In China we do not expend as much energy as Americans and Europeans
in trying to make other people good. We try to be good ourselves
and believe that our good example, like a pure fragrance, will influence
others to be likewise. We think practice is as good as precept,
and, if I may say so without being supposed to be critical of a race
different from my own, the thought has sometimes suggested itself to me
that Americans are so intent on doing good to others,
and on making others good, that they accomplish less than they would
if their actions and intentions were less direct and obvious.
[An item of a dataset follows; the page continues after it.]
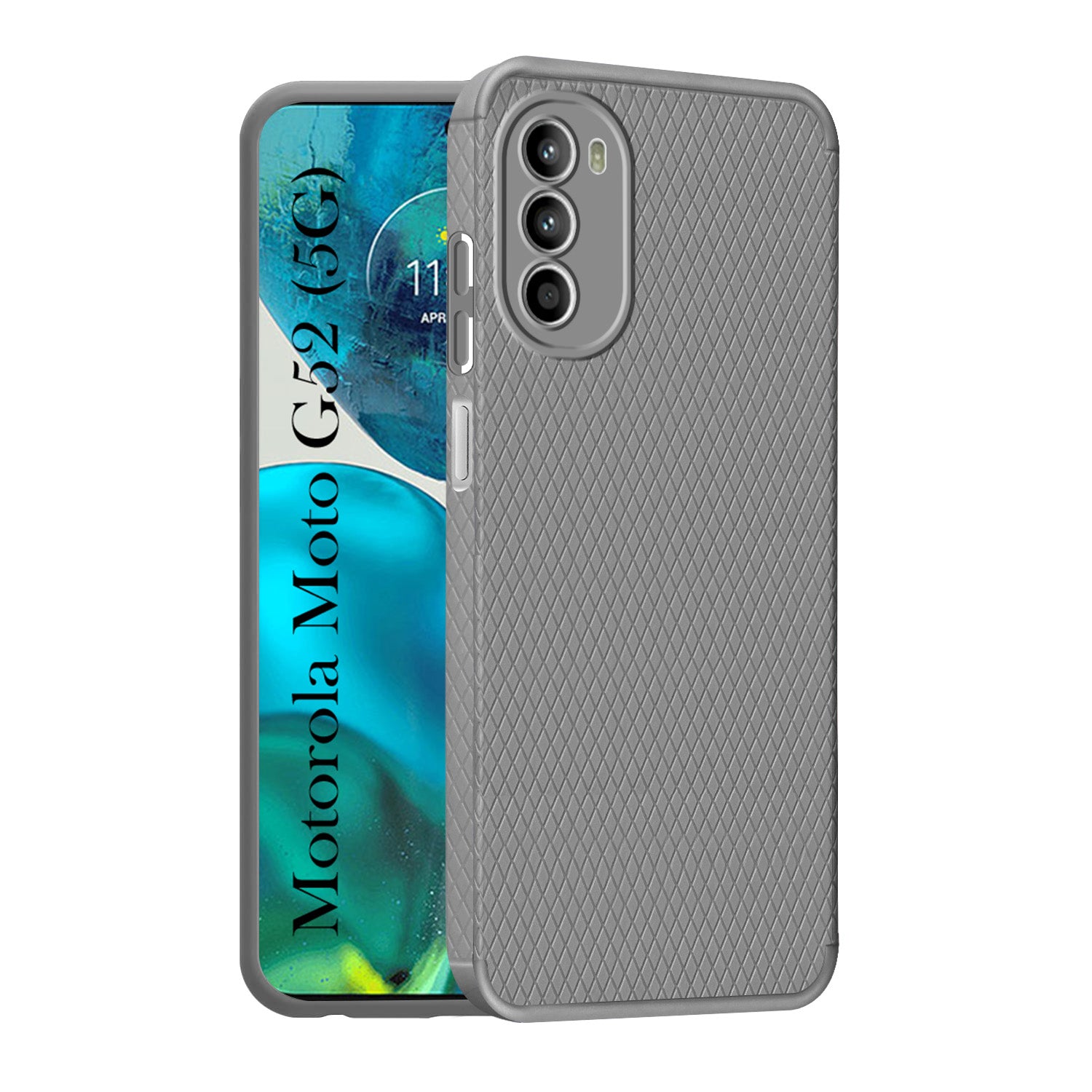 For Motorola Moto G52 5G Back Cover Case (Liquid Silicone | Side Grip | Camera Protection)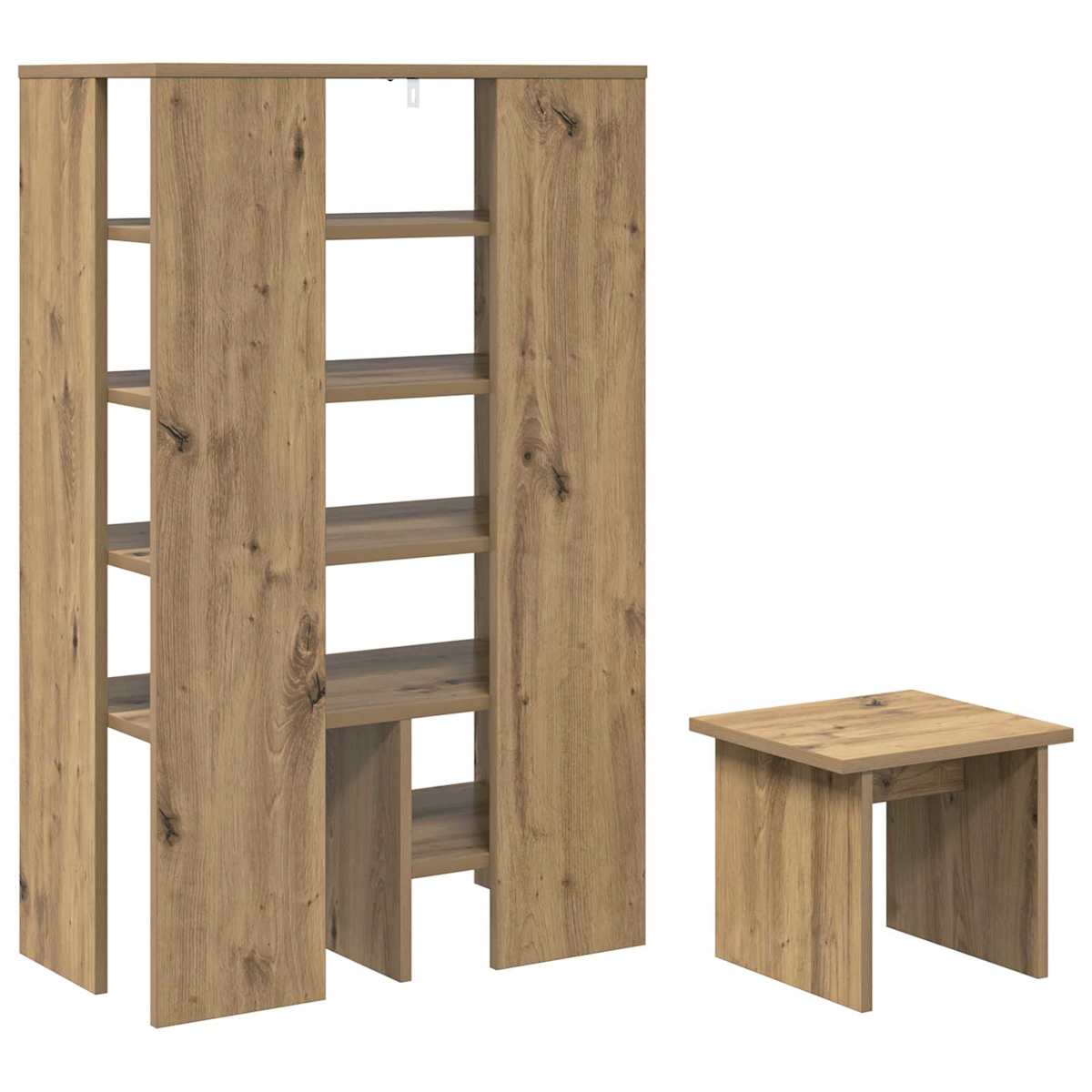 Sko skab 2 stk. 62 x 35 x 100 cm Konstrueret træ - Billede 10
I cannot here explain all I mean, but if my readers will study what
Li Yu and Chuang Tsz have to say about "Spontaneity" and "Not Interfering",
I think they will understand my thought. The theater, as I have already said,
was in several countries religious in its origin; why not use it
to elevate people indirectly? The ultimate effect, because more natural,
might be better and truer than more direct persuasion. Pulpit appeals,
I am given to understand, are sometimes very personal.
Since writing the above I have seen a newspaper notice of
a dramatic performance in the Ethical Church, Queen's Road, Bayswater, London.
The Ethical Church believes "in everything that makes life sweet and human"
and the management state that they believe -- "the best trend
of dramatic opinion to-day points not only to the transformation of theaters
into centers of social enlightenment and moral elevation,
but also to the transformation of the churches into centers
for the imaginative presentation, by means of all the arts combined,
of the deeper truths and meanings of life.